[Work instruction] Lines from the one containing "LIFEZEAL Nähmaschinenschrank klappbar, Nähschrank" to the end of the data below are to be restated exactly, with both ends included and nothing else.

[Task inputs]
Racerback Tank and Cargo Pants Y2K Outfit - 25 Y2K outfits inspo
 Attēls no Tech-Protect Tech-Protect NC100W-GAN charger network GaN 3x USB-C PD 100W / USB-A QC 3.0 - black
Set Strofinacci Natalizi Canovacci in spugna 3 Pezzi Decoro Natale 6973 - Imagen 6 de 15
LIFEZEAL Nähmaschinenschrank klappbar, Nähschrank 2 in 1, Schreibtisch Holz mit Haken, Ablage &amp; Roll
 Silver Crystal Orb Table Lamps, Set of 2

[Result of the exercise]
LIFEZEAL Nähmaschinenschrank klappbar, Nähschrank 2 in 1, Schreibtisch Holz mit Haken, Ablage &amp; Roll
 Silver Crystal Orb Table Lamps, Set of 2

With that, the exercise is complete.